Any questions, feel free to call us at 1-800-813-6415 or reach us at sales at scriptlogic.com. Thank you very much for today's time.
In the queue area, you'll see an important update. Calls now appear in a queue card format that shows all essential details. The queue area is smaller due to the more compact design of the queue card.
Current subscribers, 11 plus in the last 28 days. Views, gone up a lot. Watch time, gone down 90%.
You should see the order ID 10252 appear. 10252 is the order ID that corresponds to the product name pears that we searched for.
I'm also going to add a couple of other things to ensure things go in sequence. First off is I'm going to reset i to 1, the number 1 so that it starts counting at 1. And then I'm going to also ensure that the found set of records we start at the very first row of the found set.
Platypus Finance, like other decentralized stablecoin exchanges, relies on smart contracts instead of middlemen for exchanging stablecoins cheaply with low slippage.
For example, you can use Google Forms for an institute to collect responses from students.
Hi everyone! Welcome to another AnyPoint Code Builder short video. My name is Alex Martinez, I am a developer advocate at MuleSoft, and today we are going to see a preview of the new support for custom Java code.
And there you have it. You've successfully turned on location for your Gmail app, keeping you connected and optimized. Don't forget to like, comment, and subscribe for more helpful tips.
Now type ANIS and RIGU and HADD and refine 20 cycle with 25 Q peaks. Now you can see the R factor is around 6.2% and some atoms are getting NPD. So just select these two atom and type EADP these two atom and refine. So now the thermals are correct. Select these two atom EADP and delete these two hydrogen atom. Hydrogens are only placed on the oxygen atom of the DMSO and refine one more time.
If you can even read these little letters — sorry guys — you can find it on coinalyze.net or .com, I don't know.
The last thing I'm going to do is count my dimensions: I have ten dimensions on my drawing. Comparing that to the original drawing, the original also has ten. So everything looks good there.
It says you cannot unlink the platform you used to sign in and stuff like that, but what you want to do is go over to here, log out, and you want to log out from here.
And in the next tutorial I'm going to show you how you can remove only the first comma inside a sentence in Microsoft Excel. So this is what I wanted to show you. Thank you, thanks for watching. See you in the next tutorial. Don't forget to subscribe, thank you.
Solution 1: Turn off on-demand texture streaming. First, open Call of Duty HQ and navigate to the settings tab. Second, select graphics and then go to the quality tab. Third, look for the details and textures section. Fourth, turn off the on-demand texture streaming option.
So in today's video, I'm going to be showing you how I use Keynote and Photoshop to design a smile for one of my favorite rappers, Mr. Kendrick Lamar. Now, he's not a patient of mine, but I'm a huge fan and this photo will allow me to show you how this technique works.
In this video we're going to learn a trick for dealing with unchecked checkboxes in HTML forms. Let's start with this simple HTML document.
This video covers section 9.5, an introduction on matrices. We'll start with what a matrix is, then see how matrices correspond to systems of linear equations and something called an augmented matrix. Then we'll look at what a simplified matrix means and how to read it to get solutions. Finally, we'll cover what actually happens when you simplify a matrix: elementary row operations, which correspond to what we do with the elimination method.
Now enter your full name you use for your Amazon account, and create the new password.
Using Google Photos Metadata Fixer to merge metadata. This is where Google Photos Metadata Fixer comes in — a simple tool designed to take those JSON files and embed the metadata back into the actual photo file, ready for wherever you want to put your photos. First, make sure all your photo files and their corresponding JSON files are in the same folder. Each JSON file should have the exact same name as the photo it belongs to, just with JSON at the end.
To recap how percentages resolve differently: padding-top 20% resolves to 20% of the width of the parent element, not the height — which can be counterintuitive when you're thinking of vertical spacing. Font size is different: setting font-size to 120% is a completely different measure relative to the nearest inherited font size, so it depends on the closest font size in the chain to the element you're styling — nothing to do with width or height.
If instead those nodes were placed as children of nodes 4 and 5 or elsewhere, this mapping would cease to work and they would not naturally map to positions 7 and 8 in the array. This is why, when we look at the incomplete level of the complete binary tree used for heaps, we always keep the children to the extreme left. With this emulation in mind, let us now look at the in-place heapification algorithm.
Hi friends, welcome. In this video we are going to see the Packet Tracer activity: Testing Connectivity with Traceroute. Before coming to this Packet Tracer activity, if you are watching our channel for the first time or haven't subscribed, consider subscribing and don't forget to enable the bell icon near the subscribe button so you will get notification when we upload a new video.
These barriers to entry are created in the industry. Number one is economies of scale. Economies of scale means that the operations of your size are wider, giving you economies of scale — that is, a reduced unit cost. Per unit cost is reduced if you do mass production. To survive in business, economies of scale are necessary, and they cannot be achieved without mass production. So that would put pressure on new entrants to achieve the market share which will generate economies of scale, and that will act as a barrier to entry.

● AIM OF THE TASK
Print, without alteration, only the lines above between the one holding "I'm also going" and the one holding "And in the next", inclusive.

● OUTPUT FOR THIS EXERCISE
I'm also going to add a couple of other things to ensure things go in sequence. First off is I'm going to reset i to 1, the number 1 so that it starts counting at 1. And then I'm going to also ensure that the found set of records we start at the very first row of the found set.
Platypus Finance, like other decentralized stablecoin exchanges, relies on smart contracts instead of middlemen for exchanging stablecoins cheaply with low slippage.
For example, you can use Google Forms for an institute to collect responses from students.
Hi everyone! Welcome to another AnyPoint Code Builder short video. My name is Alex Martinez, I am a developer advocate at MuleSoft, and today we are going to see a preview of the new support for custom Java code.
And there you have it. You've successfully turned on location for your Gmail app, keeping you connected and optimized. Don't forget to like, comment, and subscribe for more helpful tips.
Now type ANIS and RIGU and HADD and refine 20 cycle with 25 Q peaks. Now you can see the R factor is around 6.2% and some atoms are getting NPD. So just select these two atom and type EADP these two atom and refine. So now the thermals are correct. Select these two atom EADP and delete these two hydrogen atom. Hydrogens are only placed on the oxygen atom of the DMSO and refine one more time.
If you can even read these little letters — sorry guys — you can find it on coinalyze.net or .com, I don't know.
The last thing I'm going to do is count my dimensions: I have ten dimensions on my drawing. Comparing that to the original drawing, the original also has ten. So everything looks good there.
It says you cannot unlink the platform you used to sign in and stuff like that, but what you want to do is go over to here, log out, and you want to log out from here.
And in the next tutorial I'm going to show you how you can remove only the first comma inside a sentence in Microsoft Excel. So this is what I wanted to show you. Thank you, thanks for watching. See you in the next tutorial. Don't forget to subscribe, thank you.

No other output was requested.